Everything from juvenile idiopathic arthritis, Behcet’s disease, herpetic disease and postoperative retained lens fragments to sarcoidosis tattoos and tuberculosis are all on the uveitis differential list. Dr. Bronner helped attendees get through the material by providing clinical pearls after each etiology. He concluded the lecture with an etiology “that’s mostly discussed as a curiosity, but it’s not all that uncommon,” he said. He sees as many as one patient a year with Fuchs’ heterochromic iridocyclitis—and he can’t treat them with steroids as you would a usual uveitis patient. “You have to treat the hypertension here, and then the cataract as soon as it forms.”
Dr. Bronner provided a final reminder before dismissing the lecture: “Don’t rely on labs—the clinical picture and patient setting are more helpful every time.”
NSAIDs in Uveitis Treatment
For clinicians looking for a therapy that bridges the gap between periocular agents and long-term immune modulators, research suggests oral nonsteroidal anti-inflammatory drugs (NSAIDs) may be surprisingly useful. Although NSAIDs have never been a part of the uveitis treatment protocol, Dr. Bronner discussed a small study from Massachusetts Eye and Ear that showed a reduction in uveitis episode recurrences by more than 63% in 44 patients with recurrent acute anterior uveitis.

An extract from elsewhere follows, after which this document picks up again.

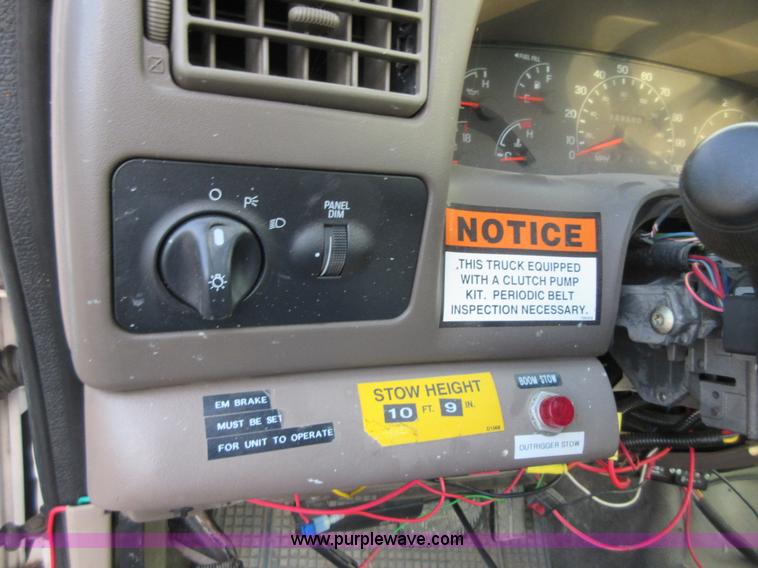 image for item I1857 2000 Ford F550 bucket truck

The patients were on the maximum dose for each specific NSAID trialed for a at least six to 12 months prior to showing any reduction, and periocular steroid was used to control acute flare-ups. The researchers preferred COX selective celecoxib, unless cost was an issue for the patient.
While this is an off-label use, it may actually be very useful in optometric practice, Dr. Bronner said. “Of course, as with all long-term medications, controversy still exists, given the risk and reward balance of long-term NSAIDs in these eyes.”